**WHAT TO PRODUCE**
What should come back is the data below, word for word, minus any picture.

**Stored data**
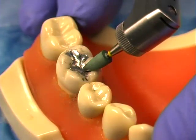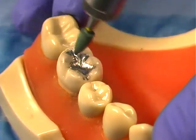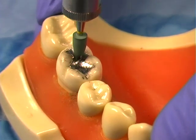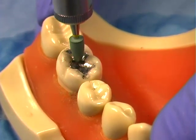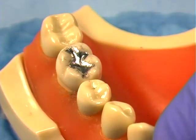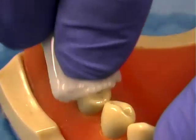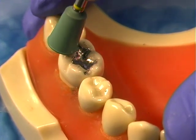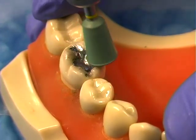The super greenies have a yellow band on the shank. Use the super greenie point to polish grooves on the occlusal surfaces. Rinse the surface with water to cool and to clean.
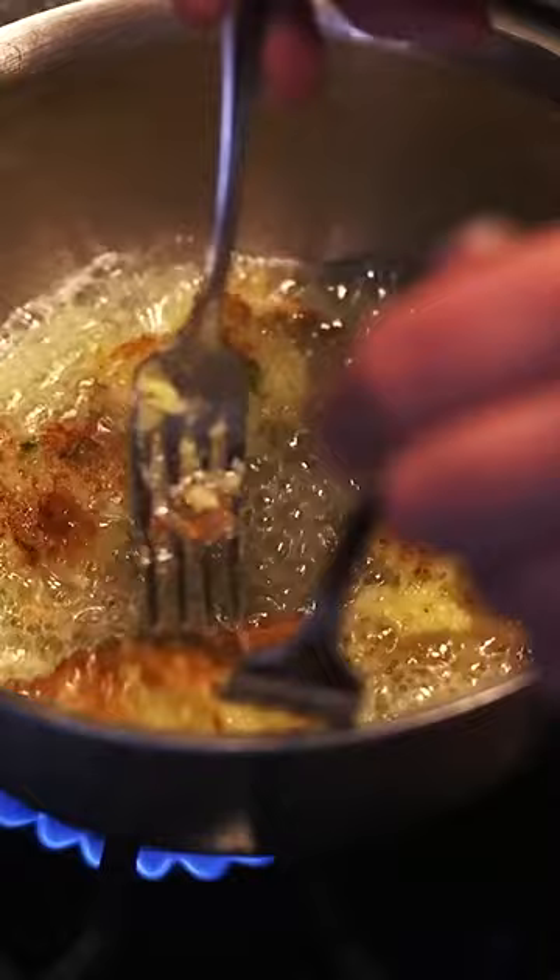My first couple also did not hold together very well, which I just chalk up to the proportion of potato and the starch content of what I had, but I adjusted the amount of flour used and they turned out great. These were really good.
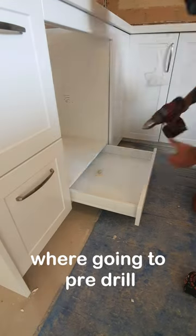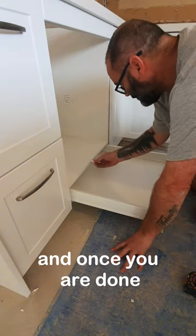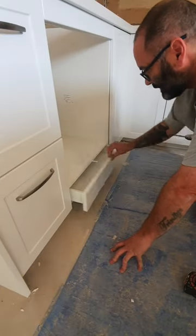We're going to pre-drill. Use the clock size. It just pushes in, and once you're done, just adjust it clockwise — only clockwise — to make the drawer line up with the doors either side. Pretty neat, huh?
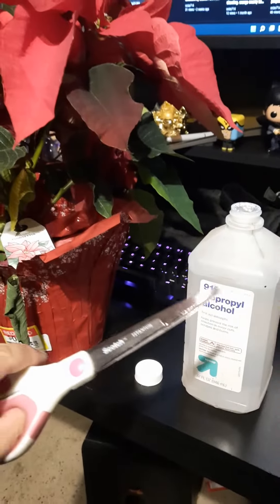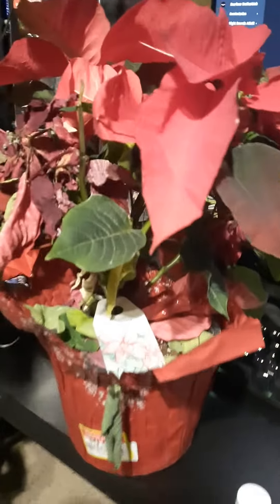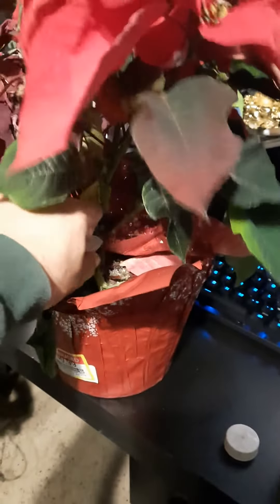Hey, what's up. I just cleaned the scissors — I got a new plant today, it was one dollar. Not too bad; just this area is dead but the rest is looking marvelous. I've seen these before, I'm sure you have too.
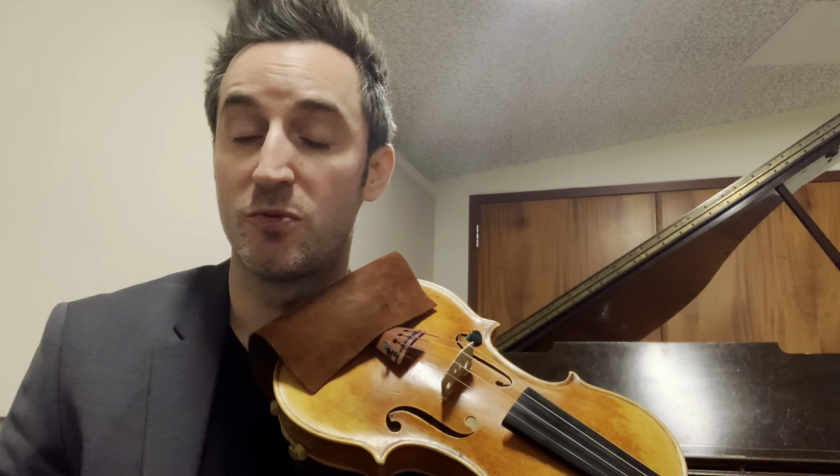I thought it'd be kind of fun to explore the difference between both of the vibrato styles I was talking about in my last video. Just to recap, I've been exploring an approach that I've always heard Heinrich Schering talked about when he would say vibrato is vertical.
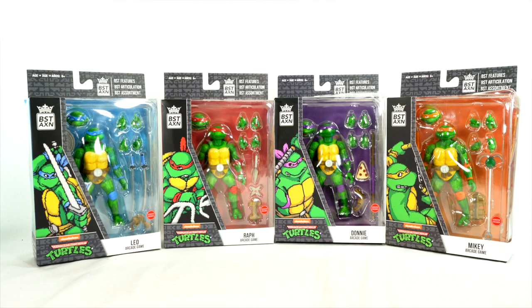Welcome back to another Rust Toy Reviews video, and welcome back to some more Loyal Subjects TMNT figures. Big thanks to the Loyal Subjects for sending these out.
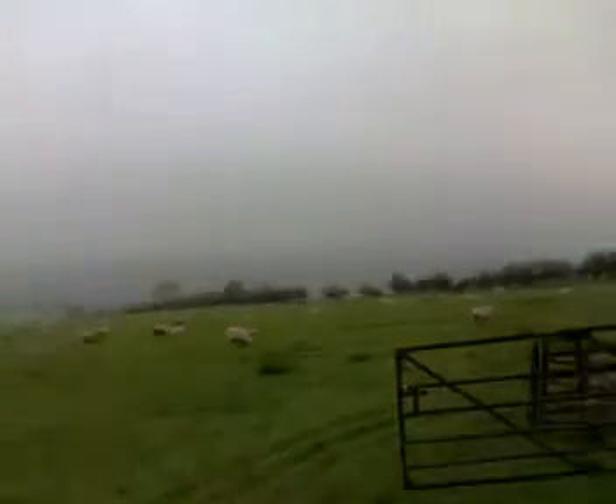It's a terrible day today. It's all misty and wet. Even the sheep are trying to find somewhere to hide. Except yours truly isn't in a t-shirt, because I'm warm.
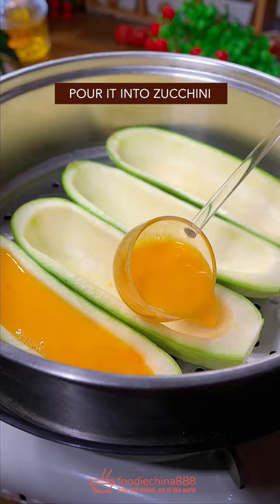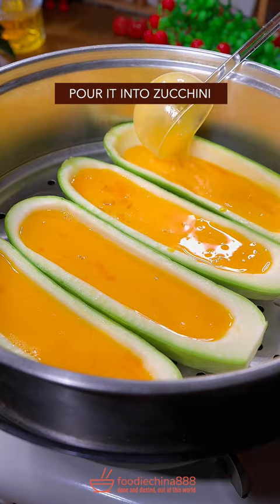White vinegar. Brutally beat it. Pour it into zucchini. Steam for 12 minutes.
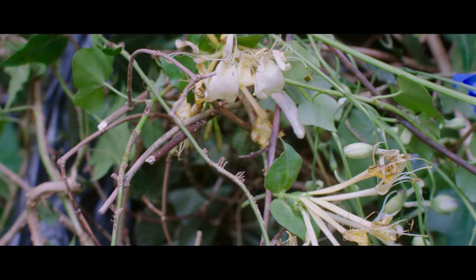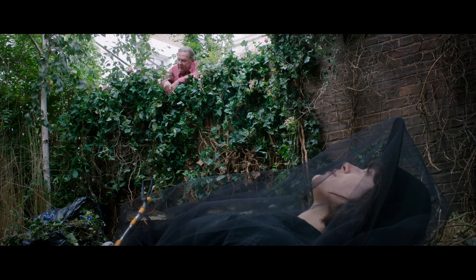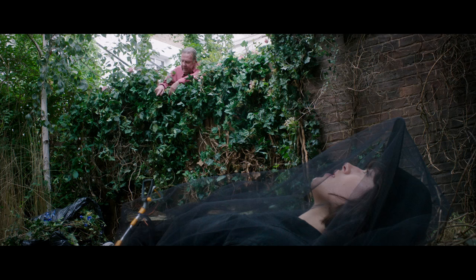Lonicera aurea reticulata — honeysuckle to you. Personally, I think they look better when they're attached to the plant itself. And look right next to it.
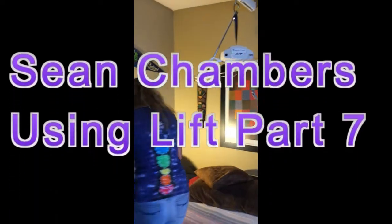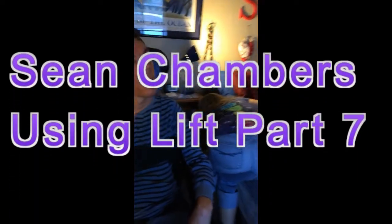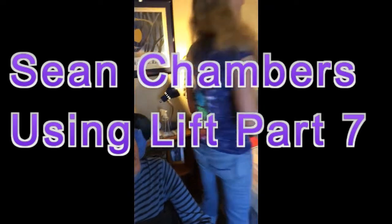So when you're done charging, make sure you tuck this under the bed, really far out of the way, so it's not going to get tangled up in somebody's feet.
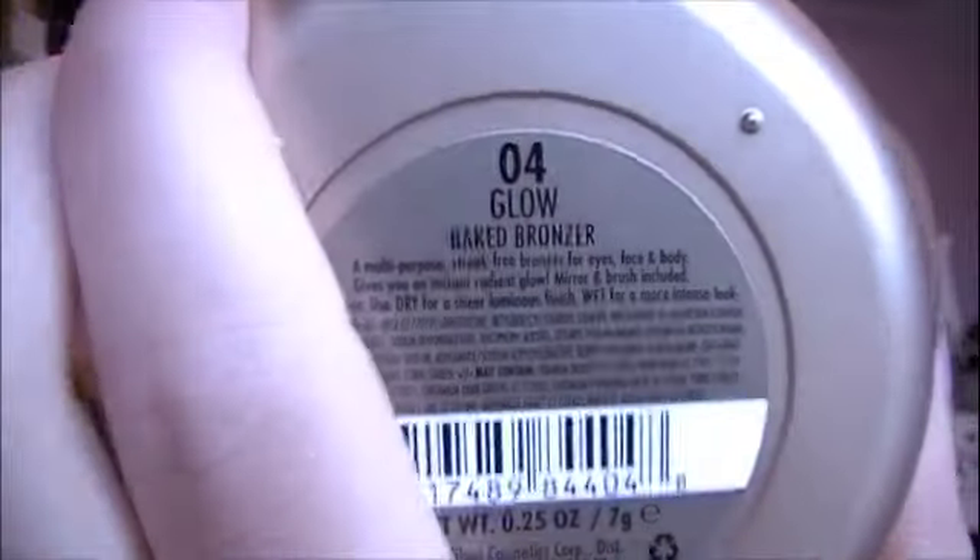Then once I have that all over my face, I'm going to take a baked bronzer — this is Glow and it's from Milani also. I'm just going to use that same exact brush and just kind of contour my face a little bit with this. All of the Milani products were sent to me for consideration and they're all from their spring line — just wanted to let you guys know.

**RESPONSE BELOW**
The super greenies have a yellow band on the shank. Use the super greenie point to polish grooves on the occlusal surfaces. Rinse the surface with water to cool and to clean.
My first couple also did not hold together very well, which I just chalk up to the proportion of potato and the starch content of what I had, but I adjusted the amount of flour used and they turned out great. These were really good.
We're going to pre-drill. Use the clock size. It just pushes in, and once you're done, just adjust it clockwise — only clockwise — to make the drawer line up with the doors either side. Pretty neat, huh?
Hey, what's up. I just cleaned the scissors — I got a new plant today, it was one dollar. Not too bad; just this area is dead but the rest is looking marvelous. I've seen these before, I'm sure you have too.
I thought it'd be kind of fun to explore the difference between both of the vibrato styles I was talking about in my last video. Just to recap, I've been exploring an approach that I've always heard Heinrich Schering talked about when he would say vibrato is vertical.
Welcome back to another Rust Toy Reviews video, and welcome back to some more Loyal Subjects TMNT figures. Big thanks to the Loyal Subjects for sending these out.
It's a terrible day today. It's all misty and wet. Even the sheep are trying to find somewhere to hide. Except yours truly isn't in a t-shirt, because I'm warm.
White vinegar. Brutally beat it. Pour it into zucchini. Steam for 12 minutes.
Lonicera aurea reticulata — honeysuckle to you. Personally, I think they look better when they're attached to the plant itself. And look right next to it.
So when you're done charging, make sure you tuck this under the bed, really far out of the way, so it's not going to get tangled up in somebody's feet.
Then once I have that all over my face, I'm going to take a baked bronzer — this is Glow and it's from Milani also. I'm just going to use that same exact brush and just kind of contour my face a little bit with this. All of the Milani products were sent to me for consideration and they're all from their spring line — just wanted to let you guys know.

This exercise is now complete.